### Required work
Would you retype the whole listing exactly, leaving its pictures out?

BEGIN Data for analysis

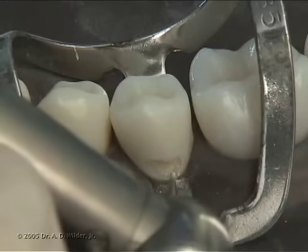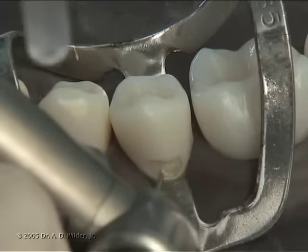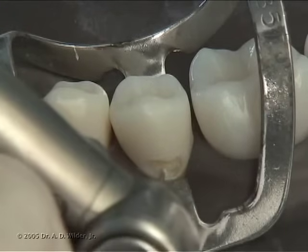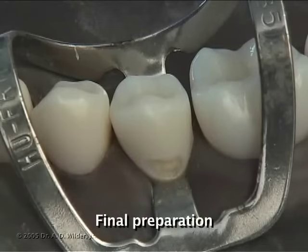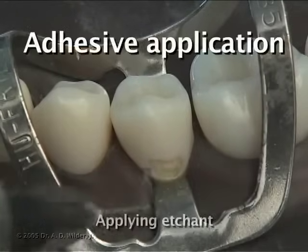As always, retention grooves are placed just inside the dentin enamel junction with a depth of 0.25mm, half the diameter of the quarter round burr. No matrix is necessary here.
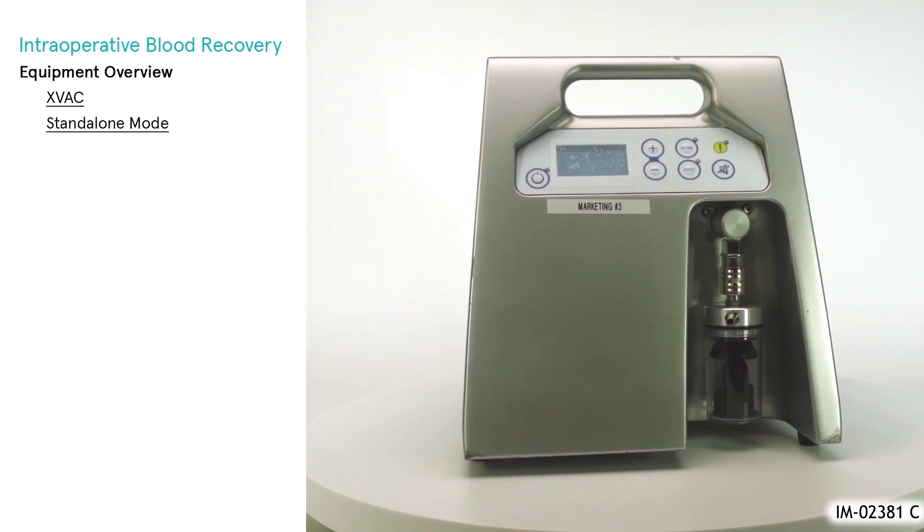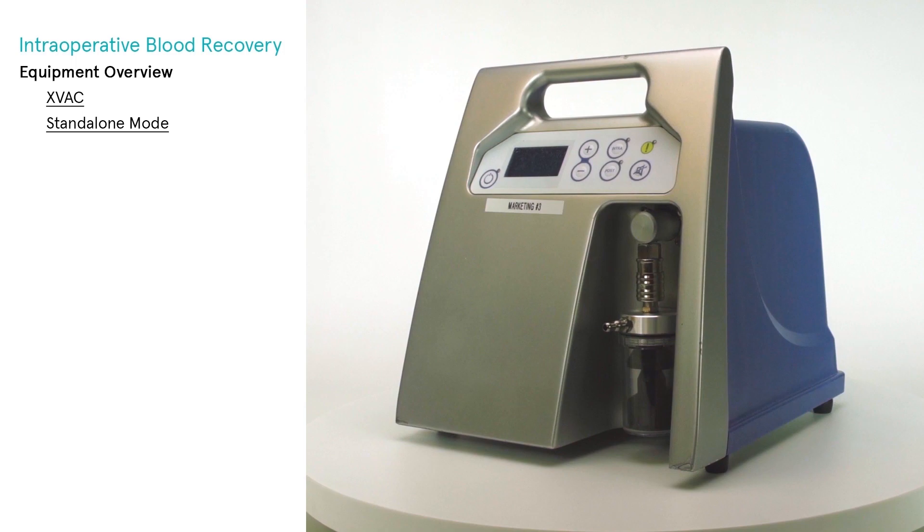The vacuum module may also be used as a standalone vacuum system, completely separate from the Extra, controlled using its built-in control panel and the additional power cord provided.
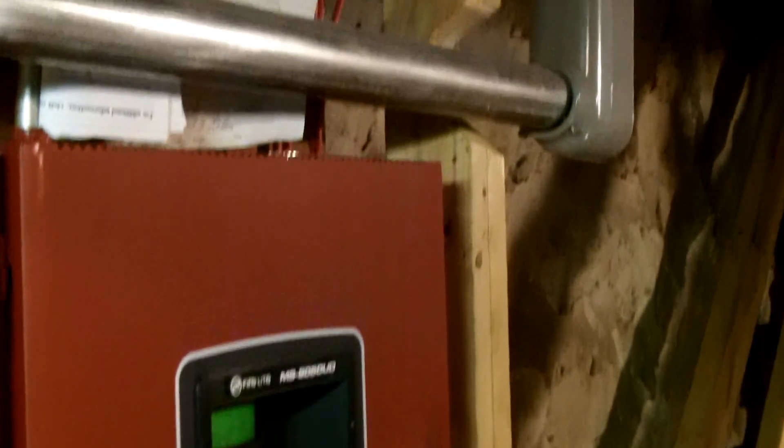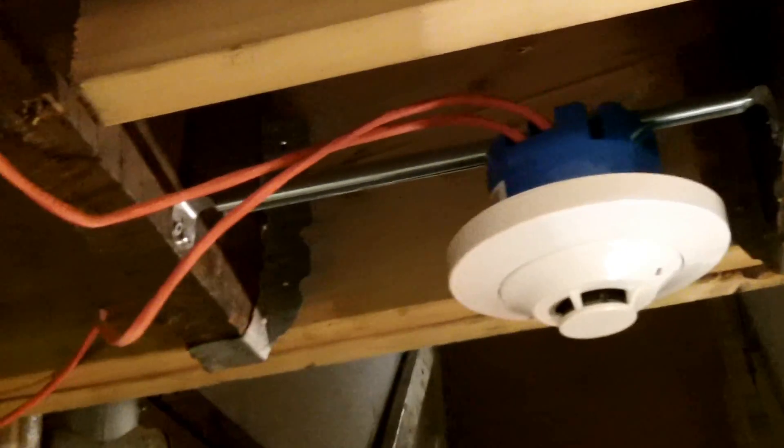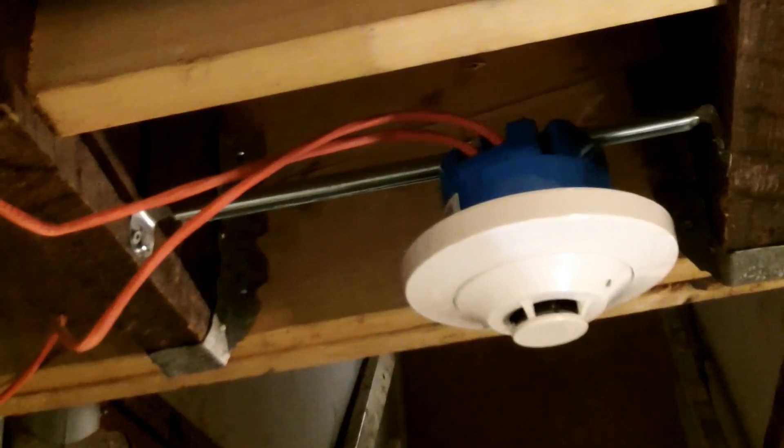Alright, I'm taking a look at these power limited fire alarm circuit cables installed here. NEC 760.130B1 requires that when cables like this are installed exposed, they must be installed in a way that provides the maximum protection against physical damage.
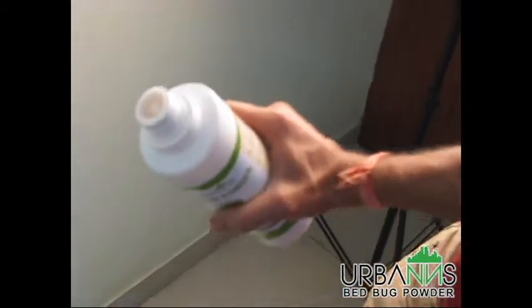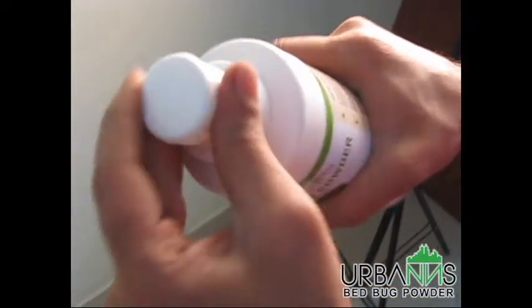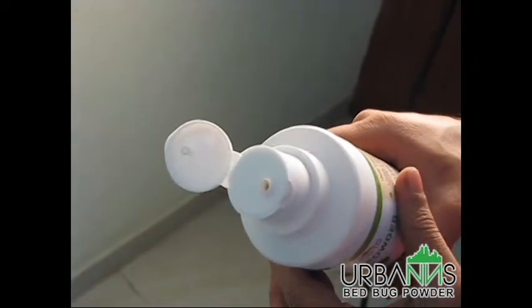Before using the Urban's Bed Bug Powder, please ensure that you have removed the inner cap that comes in the bottle. To do so, open the flip-top cap to find the inner cap. The inner cap is provided to prevent any spillage during transit. After removing the inner cap, replace the flip-top cap and open the flip-top. The bottle is now ready for use.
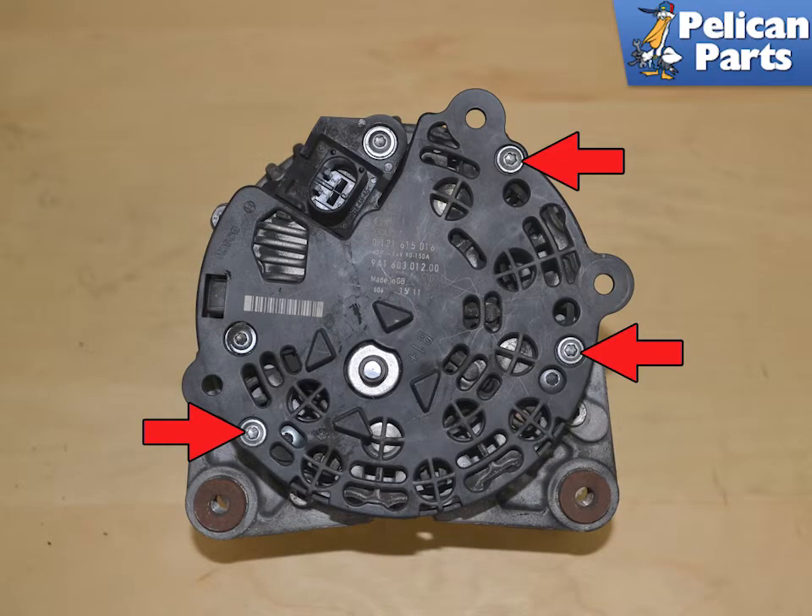With the alternator out, take it to your bench and flip it over. Remove the three T25 screws holding the plastic cover in place, indicated by the red arrows.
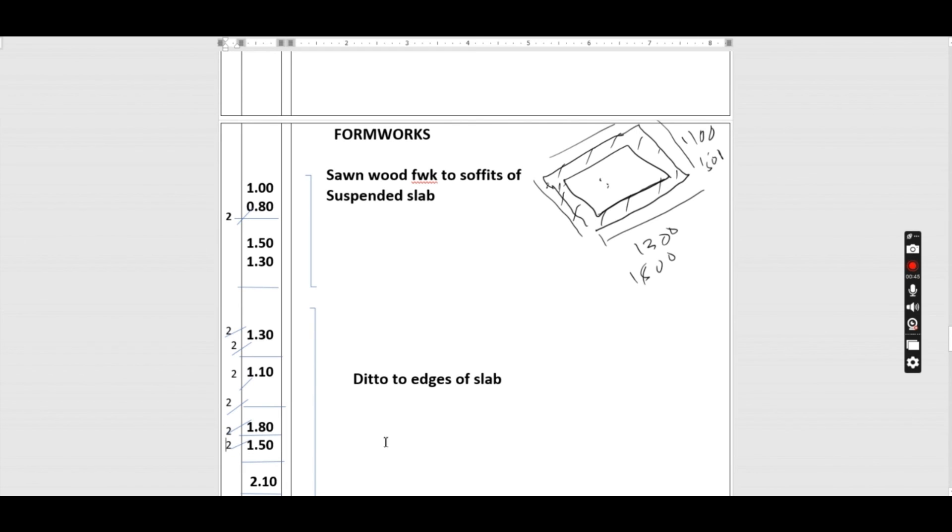For the cover opening frame, we calculate the linear perimeter: 600 + 450 + 600 + 450 = 2100 mm. There are three covers, so we book 2.10 × 3. This is described as ditto to the edges of slab and cover opening.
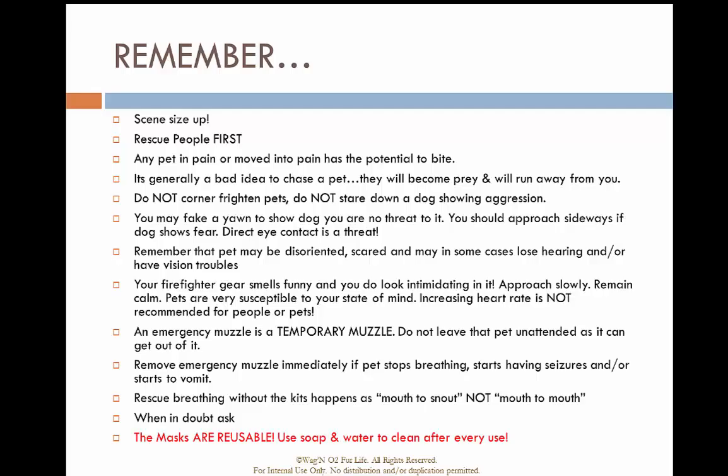Remove the emergency muzzle immediately if the patient stops breathing, has seizures, or starts to vomit. Rescue breathing without the kit is done mouth to snout, but preferably use bag valve mask ventilations with the Ambu bag and these pet oxygen masks. When in doubt, ask a question. When done, the masks are reusable — simply clean with warm soap and water and allow them to dry.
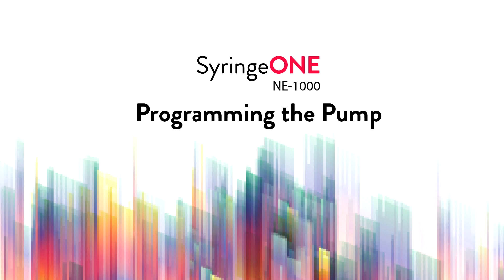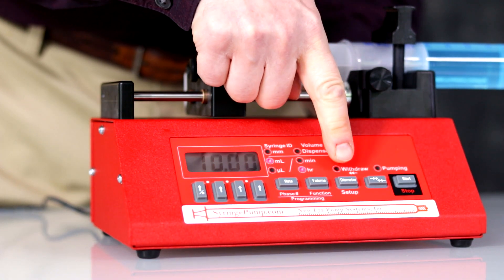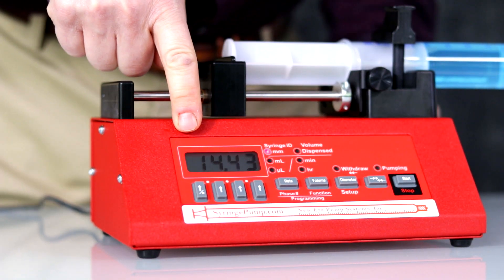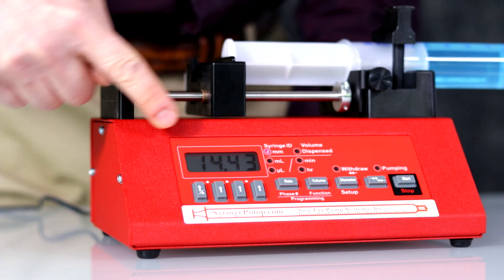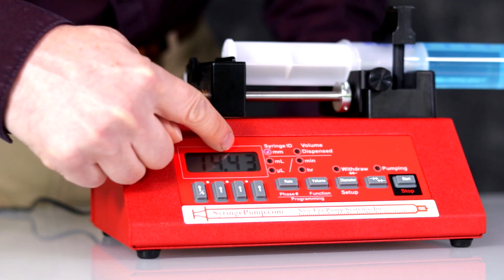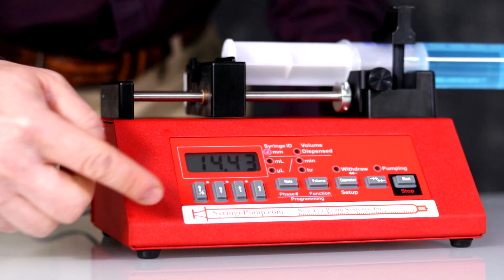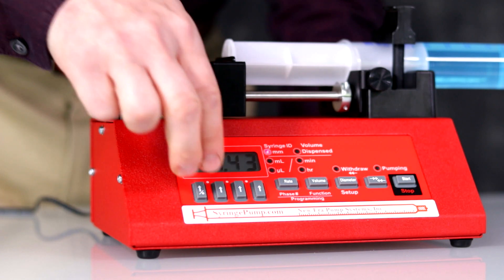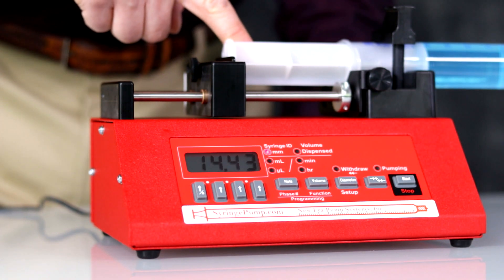NE1000 programming the pump. To program the pump, first enter the syringe diameter. Press the diameter key. It will display the currently selected diameter, 14.43 millimeters — this is the factory default. To change, use the up arrow keys to increment individual digits above each key. To set the decimal point, simultaneously press the two up arrow keys under where you want the decimal point to be. Press again to clear the decimal point. The syringe loaded has a diameter of 29.2 — you can find this information in the user manual.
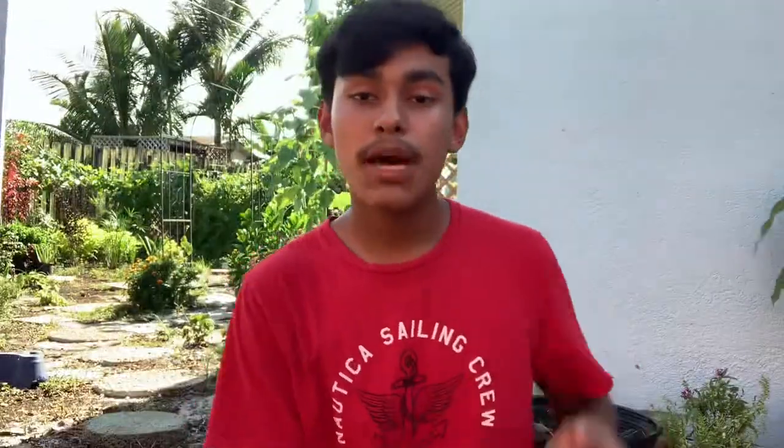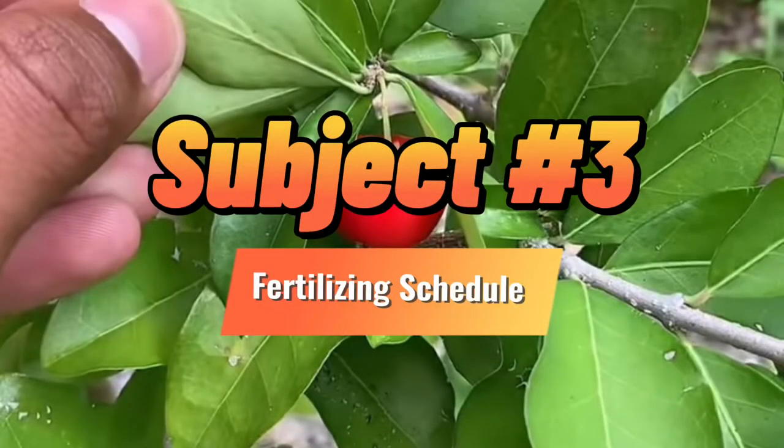Coming on to our third topic, which is their fertilizing schedule. When people ask what fertilizer to use for fruiting plants, I recommend always using organic matter, whether that be compost, food scraps, or earthworm products. Organic matter is the way to go because granule fertilizers that are chemically produced aren't so great for fruiting plants. Although they might have high nitrogen or high potassium, organic matter just works way better.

END Data for analysis

### Written answer
As always, retention grooves are placed just inside the dentin enamel junction with a depth of 0.25mm, half the diameter of the quarter round burr. No matrix is necessary here.
The vacuum module may also be used as a standalone vacuum system, completely separate from the Extra, controlled using its built-in control panel and the additional power cord provided.
Alright, I'm taking a look at these power limited fire alarm circuit cables installed here. NEC 760.130B1 requires that when cables like this are installed exposed, they must be installed in a way that provides the maximum protection against physical damage.
Before using the Urban's Bed Bug Powder, please ensure that you have removed the inner cap that comes in the bottle. To do so, open the flip-top cap to find the inner cap. The inner cap is provided to prevent any spillage during transit. After removing the inner cap, replace the flip-top cap and open the flip-top. The bottle is now ready for use.
With the alternator out, take it to your bench and flip it over. Remove the three T25 screws holding the plastic cover in place, indicated by the red arrows.
For the cover opening frame, we calculate the linear perimeter: 600 + 450 + 600 + 450 = 2100 mm. There are three covers, so we book 2.10 × 3. This is described as ditto to the edges of slab and cover opening.
Remove the emergency muzzle immediately if the patient stops breathing, has seizures, or starts to vomit. Rescue breathing without the kit is done mouth to snout, but preferably use bag valve mask ventilations with the Ambu bag and these pet oxygen masks. When in doubt, ask a question. When done, the masks are reusable — simply clean with warm soap and water and allow them to dry.
NE1000 programming the pump. To program the pump, first enter the syringe diameter. Press the diameter key. It will display the currently selected diameter, 14.43 millimeters — this is the factory default. To change, use the up arrow keys to increment individual digits above each key. To set the decimal point, simultaneously press the two up arrow keys under where you want the decimal point to be. Press again to clear the decimal point. The syringe loaded has a diameter of 29.2 — you can find this information in the user manual.
Coming on to our third topic, which is their fertilizing schedule. When people ask what fertilizer to use for fruiting plants, I recommend always using organic matter, whether that be compost, food scraps, or earthworm products. Organic matter is the way to go because granule fertilizers that are chemically produced aren't so great for fruiting plants. Although they might have high nitrogen or high potassium, organic matter just works way better.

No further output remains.